PRAGUE — While progress has been made toward better transatlantic cooperation, top brass from Europe’s four largest military space operators say there is still a ways to go in working out how Europe and the United States will jointly respond to growing threats from Russia and China.

“I think that we are in the right path, creating synergies and optimizing systems and capabilities together,” Col. Giuseppe Gentile, chief of the Space Policy and Innovation Branch, Space Policy Office, at the Italian Defence General Staff, said on June 17 during the 7th Annual Prague Space Security Conference.

“What we should do better is try to define a way [toward] collective response to the new kind of threat that could develop,” he said. “We should agree also on some important definitions of what is the threat, what is our responsibility? Once we are agreed on that, then we can move forward to to a collective response.”

Another concern, he said, is to avoid wasting time and money on duplication in building new military capabilities.

“We need to … be synchronized in what we are aiming to develop for the future. We have to synchronize the effective operations,” Gentile said.

Maj. Gen. Paul Tedman, who has been chief of UK Space Command for only about three weeks, agreed that the end goal must be a cohesive set of operational plans for how the Western allies will fight together in space, including for command and control (C2) of forces.

“I think we need an integrated plan that we will recognize, we need simple and clear C2, so we know how we’re going to fight with who, and we do need to exercise or test those plans regularly so that we can build trust. I think trust is an important word that I will leave you with,” he told the conference sponsored by the Prague Security Studies Institute.

Echoing Tedman, France’s Space Command chief Maj. Gen. Philippe Adam said that it now time to move from simply agreeing on organizational structures for information sharing and collaborative planning to actually delivering interoperable capabilities to the field.

“All the strategies mention partnerships as an essential part of what we need to do in the future. And that’s also the discussion we have very regularly,” he said. But the main question that remains unanswered, is “what can we deliver, how can we deliver the maximum effect with what we have right now? … [And] what do we need to work on together on maximizing our capabilities or effects in the future?”

Those answers, Adam stressed, are needed as soon as possible so that the necessary capabilities are ready to address looming threats.

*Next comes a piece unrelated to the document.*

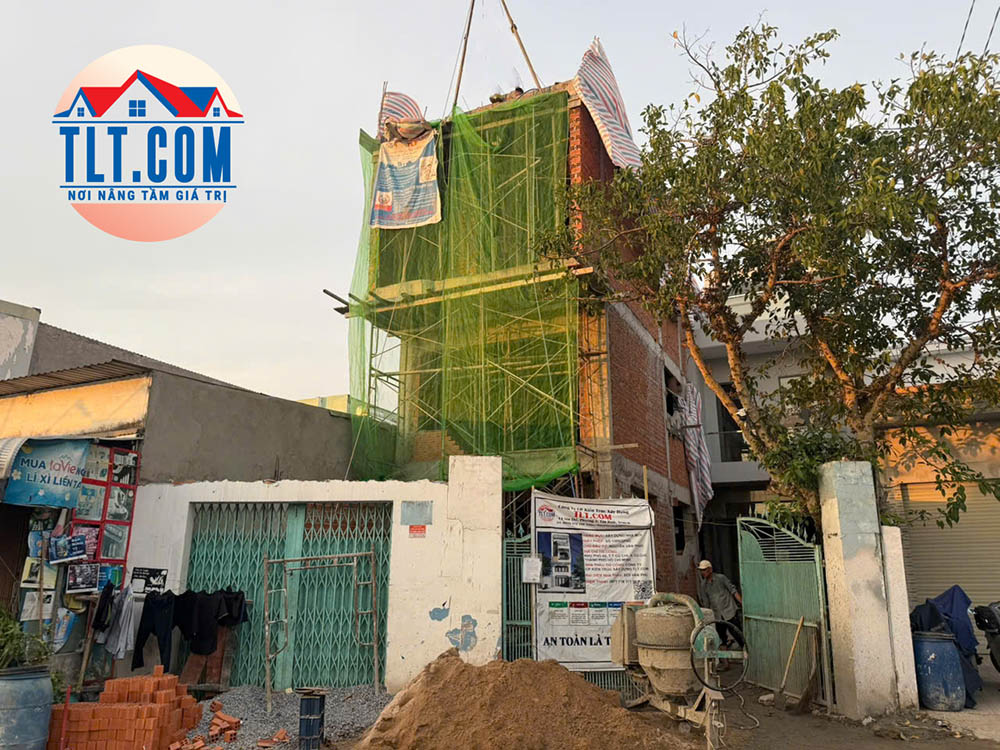 Dịch vụ x&acirc;y nh&agrave; phần th&ocirc; uy t&iacute;n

“We are running against time, of course,” he said. “But really, it’s time to deliver.”

US Space Command’s recently realigned and renamed Joint Commercial Operations (JCO) cell is one example of successful joint operations, agreed the four European space leaders.

“One thing is that is a great, great success story is the [JCO] run by Barbara Golf and her team, allowing many many commercial or civilian and military partners to get into that system providing space domain awareness information.  … We are proud members of that,” said Maj. Gen. Michael Traut, head of German Space Command.

Lt. Gen. Tommy James, deputy head of SPACECOM, also praised the reanimated JCO.

“I think it’s a huge example of success in the military for both innovation and commercial integration,” he said.

James stressed that the work of the JCO “is so much more than just Powerpoint.” For example, he explained that JCO commercial partners were the first to warn SPACECOM in October 2023 that the Russian Cosmos 2570 satellite actually was yet another nesting doll system of multiple spacecraft, each smaller than the other. Likewise, a commercial operation in January 2022 provided eyes on China’s SJ-21 as it tugged a dead Chinese satellite to a graveyard orbit that SPACECOM used for “tipping and cueing” its own space surveillance sensors.

The JCO, he said, is “living, breathing as part of our operations today in a meaningful way.”

James emphasized that SPACECOM has been working across a number of organizations and via recent exercises such as Global Sentinel to incorporate allies and partner nations into its operations.

“Space is absolutely a team sport and we are stronger together,” he said.